In a news release, Perry said he plans to work closely with

lawmakers to flesh out the spending plan, which he said would meet

the state’s essential needs over the next two years.

Perry, along with fellow Republicans Tom Craddick, the new House

speaker, and incoming Lt. Gov. David Dewhurst, has been urging the

GOP-dominated Legislature to resist any pressure to raise taxes.

The budget for the present two-year cycle is $114 billion.

“The current fiscal situation demands that we re-examine the

core responsibilities of government and the state spending

practices of the past dozen years,” said Perry, who issued his

budget recommendation in cooperation with Dewhurst and Craddick.
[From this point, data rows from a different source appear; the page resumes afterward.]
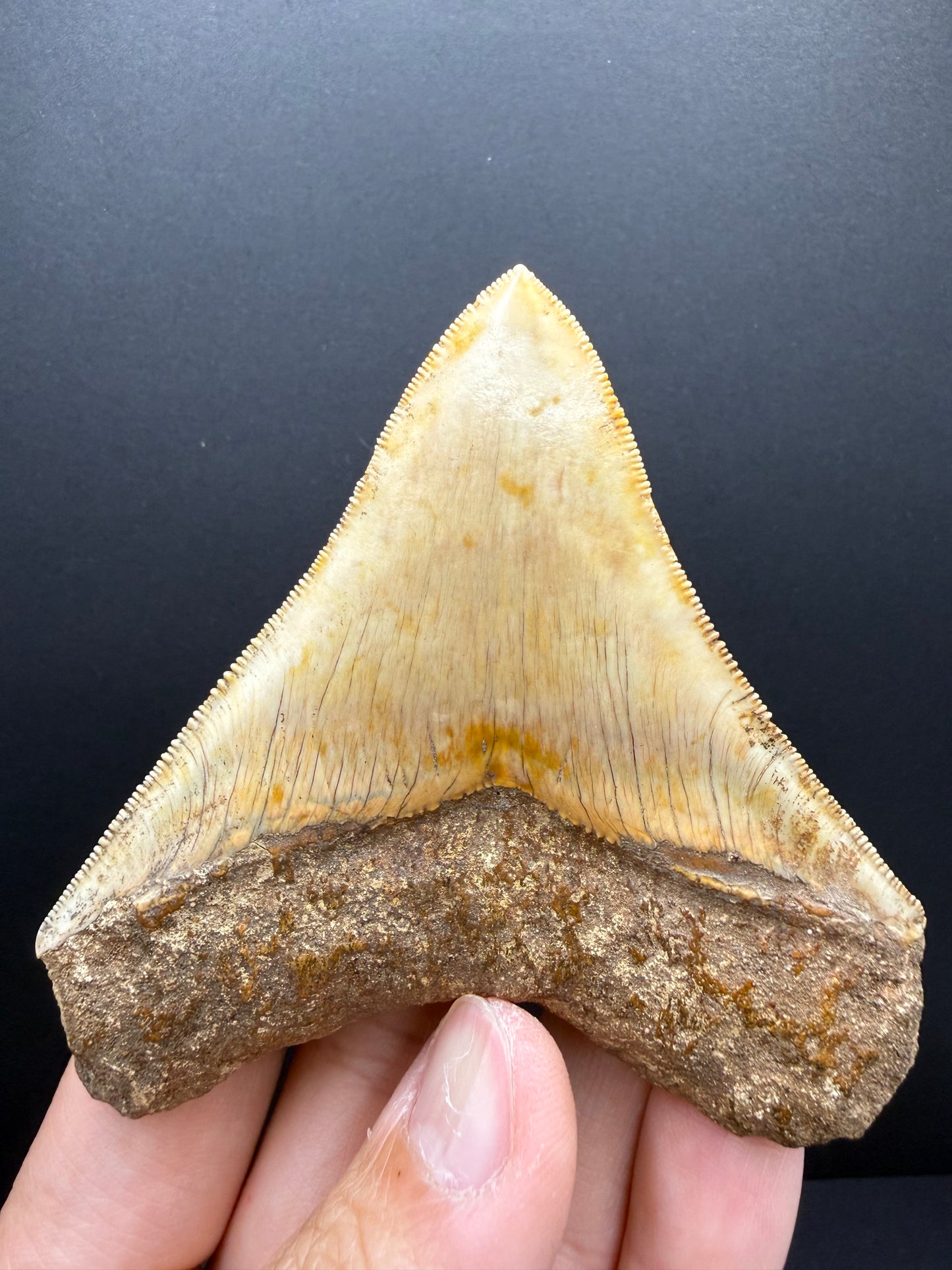 Megalodon Tooth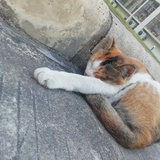 猫躺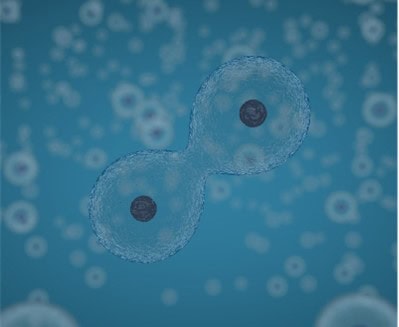 Juan De Borbon Discusses Clinical Research in Oncology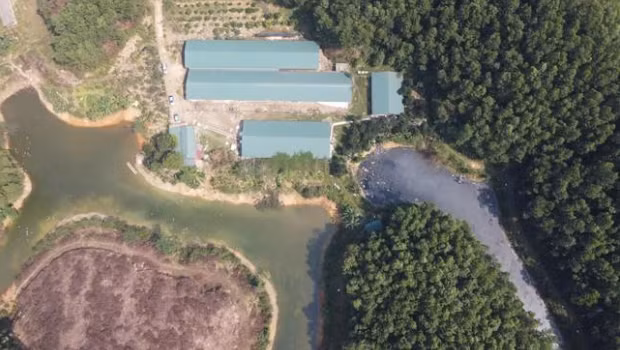 Thanh Hóa: Xử phạt chủ trại lợn xả thải trái phép ra môi trường Thanh Hoa: Xu phat chu trai lon xa thai trai phep ra moi truong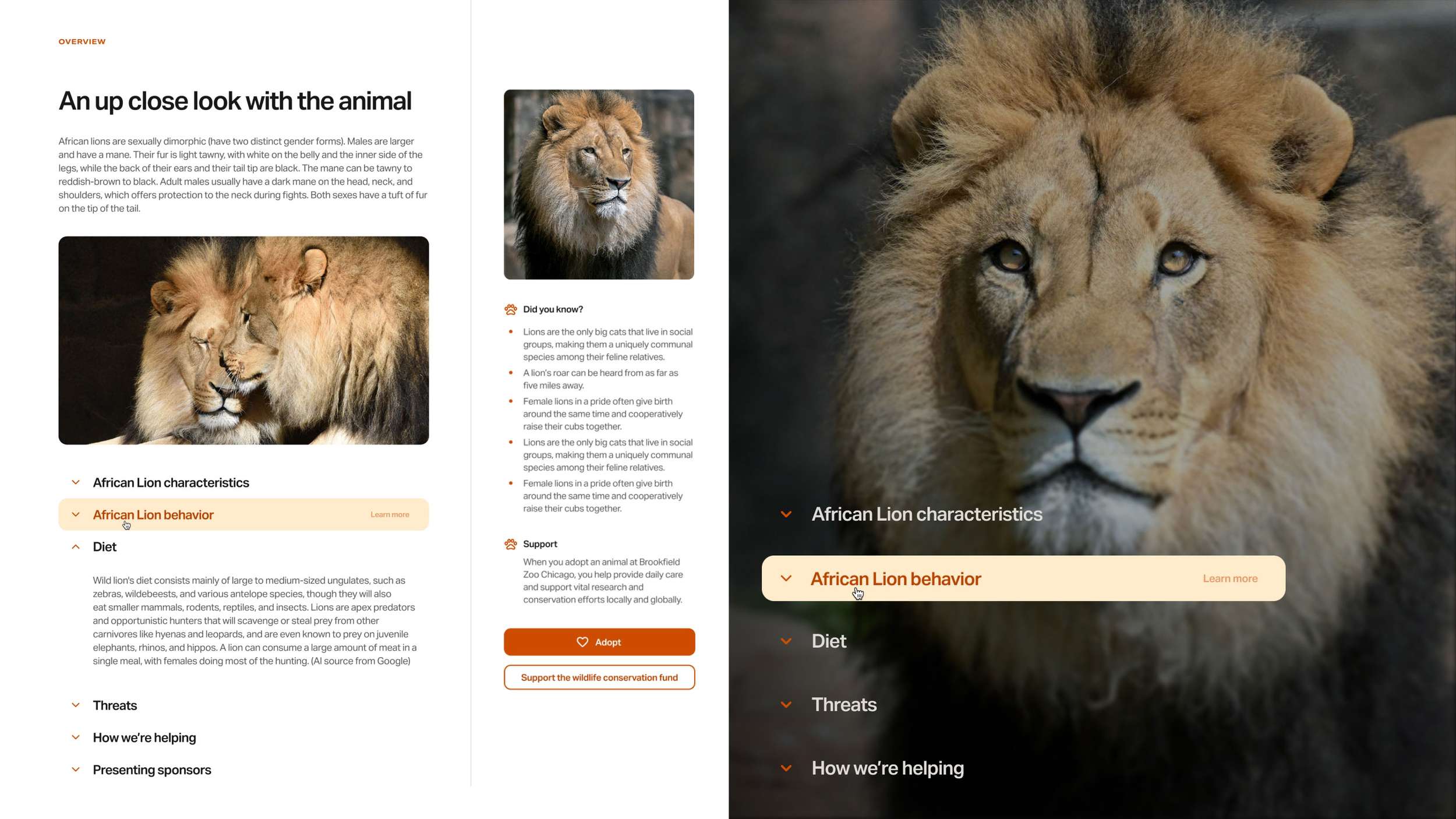 Detailed web interface layout showing information architecture, dropdown text blocks, and structured side panels for an animal adoption landing page.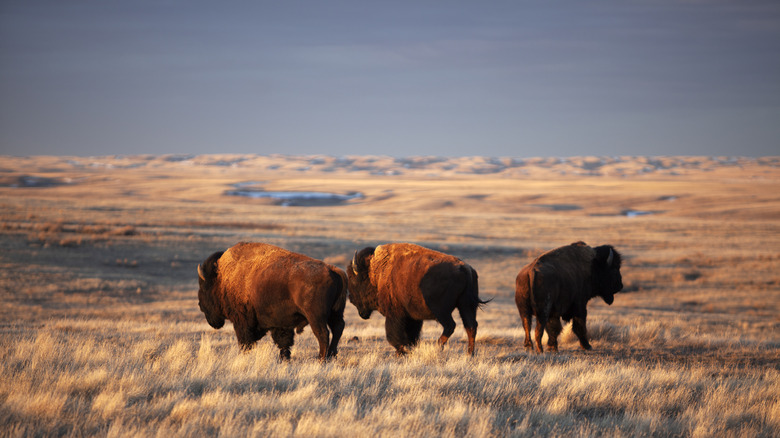 Three bison stand in the open prairie of Saskatchewan's Grasslands National Park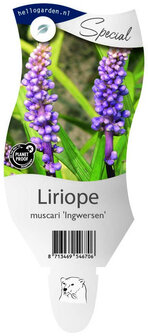 Liriope muscari &#039;Ingwersen&#039;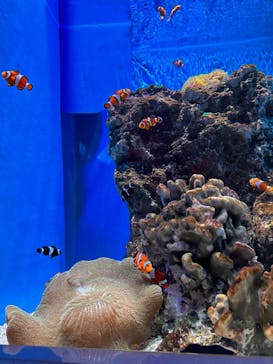 アクアワールド茨城県大洗水族館に投稿された画像（2024/7/7）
“This budget starts at zero, because in tough budgetary times,

every dollar spent by government must be scrutinized to determine

whether it justifies consideration as a priority.”

In Fort Worth, Texas Comptroller Carole Keeton Strayhorn neither

praised nor criticized the budget proposal. It is “certainly the

leadership’s prerogative” to submit such a budget, Strayhorn said

before speaking to a group of real estate agents Friday at the

Petroleum Club.

“I’ll let the governor, the lieutenant governor and the speaker

speak for themselves on what they’re doing,” she said.

Strayhorn said she has suggested a different approach to solving

the shortfall. Her plan would give agencies a working number and

force them to justify additional expenditures, she said.

While the three top leaders said the unprecedented action of

recommending a zero budget will end with greater accountability for

state spending, critics called the document an abdication of their

responsibility to set priorities for the Legislature, which meets

for 20 weeks every other year.

“The governor is the chief executive officer of our state, and

he is required by the Texas Constitution to make recommendations

for funding the state’s needs to the Legislature,” said F. Scott

McCown, who heads the Center for Public Policy Priorities, a

liberal-leaning think tank.

“By zeroing out every agency, he is admitting that he cannot

make budget recommendations to meet the state’s needs without

additional revenue,” McCown said.

The head of Texas Citizens for a Sound Economy praised the idea

of starting the budget at zero, saying that no state agency should

begin the process expecting a sum because it may have received that

amount in the past.

“It’s a whole new day in Texas,” said Peggy Venable, executive

director of the conservative group. “It’s time to take a fresh look

at everything the state is spending money on and make the decision

as to whether it’s appropriate to continue these expenditures.”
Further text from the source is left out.